I should be helping my parents paint the house. D=< {Continued on 20th} Currently in class doing: Txting, Facebooking, Blogging, & chatting.
Teacher looking at me o.O. I glared back at him cus his lecture are super boring.
Im HUNGRY! So the result of my painting is pretty good =), but I accidentally painted my knees cus I was wearing shorts, painted my arms, my HAIR =O. It was fun tho^o^. After painting I called up Martin cus were gonna go shopping and hang out =D. To someone else (Being nice sometimes gets my ass kicked). WHAT A JERK D=<. So I waited at the bus stop and I saw him on the 44. We went to his house to get his car so he can practice driving and I get to experience his driving. Not bad not bad. We went to Victoria Secrets st Stonestown. He bought some naughty things. I finally got a Pink dog. It was free too ^o^. So cute. Thanks Martin!! Then we went back to Martins house cus his brother knew the car was gone =O. Chilled there and waited for Linda to pick us up for Sushi at Sakuna Buna. It was good then Karoke afterwards. I had to give this guy a massage cus he gave us beer but no one would drink it. I should not be the only massaging him mang. I felt like drinking cus I was having a bad day-ish. Someone pissed me off. So lame -_-.The end GBYE

Sunday, October 12, 2008

Another week -_-

Apparently things just doesn't go right for me.

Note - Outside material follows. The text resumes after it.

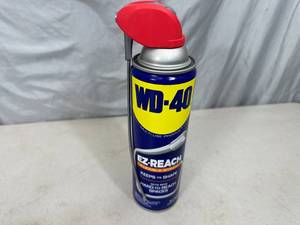 lot 300 image: New 14 oz WD-40 EZ-Reach Flexible Straw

On Thursday night, We went to Hookah at SJ. It was nothing I had expected from the things I tried. I like the Mint the most, It was AWESOME. The peach that we got just got bad later. I think it was burned... or something was just bad. It almost killed me >.< <--That bad. But I had a good time there. After when we came back from it, We went to Joe West because Anny said Aaron would call her if theres a after party. I got a feeling he was drugged or wasted so he nvr called her. So we just chilled on Judiths floor and we got warned for being to loud. Then you know the next thing It happens again to some people. I just can't believe the guys have no balls to stand up. Mills SUCK for all leaving. Sigh. Another bad week. I need to Fake ID to save my own ass. Friday, October 10, 2008 HAPPY BIRTHDAY CARITA & MIMI. =D Today is there birthday and I wanted to celebrate it with Carita but I had a Banquet to go to >.< She don't mind anyways... For Mimi's Birthday we went to Hokkaido at Foster City. There was 3 cakes totally for Allen, Mimi, Linda, and Oliver =D. AHHA It was funny and very surprising. Then went to Toys R' rus. I missed that place ^o^. I still remember when my sister and I got our Roller blades. Hun KOO I. I bet I still can fit it. HA

Sunday, October 5, 2008

Weekend was Stupid!

-_- I went back on the weekend. It was lame! I had to go to Sota to handle some of my very important business. WEEKEND WAS SUPER LAME. I didn't do much besides hw and I didn't even do anything or see any of my friends.
It was truly a disappointment. I don't think I would go back much anymore which is mostly I don't want to. My old friends haven't been updating me or really talked to me. Seem like we separated already. I mean I come back all the way from SJ and they do anything which is -_-. Saying "I miss you" is easy and missing some one is really hard but you don't do anything to substitute that feeling. So whats the point.....

"The secret of happiness is to see all the marvels of the world, and never to forget the drops of oil on the spoon."

Tell you the truth, I Tried.

Thursday, October 2, 2008

Sh*T happens

+to the bad list:
-SJ didn't receive my final high school transcript and I can be kicked out ='(
-& something else.

Bad luck is just surrounding me from Sunday till now. I really don't know why my luck has been like this. I just want you to help me ask the sun to shine away from me so today I can cry. That's what I want. Ask the cloud to bring the rain today so I can cry, So i can cry you a river. The song is currently on my myspace page ^o^

Can't wait to go back to SF and be home ^o^. Too much shit in my life. Got so much to do... I am going to break down sooner or later, but hopefully you can tell the sun to shine on me soon and make me happy again.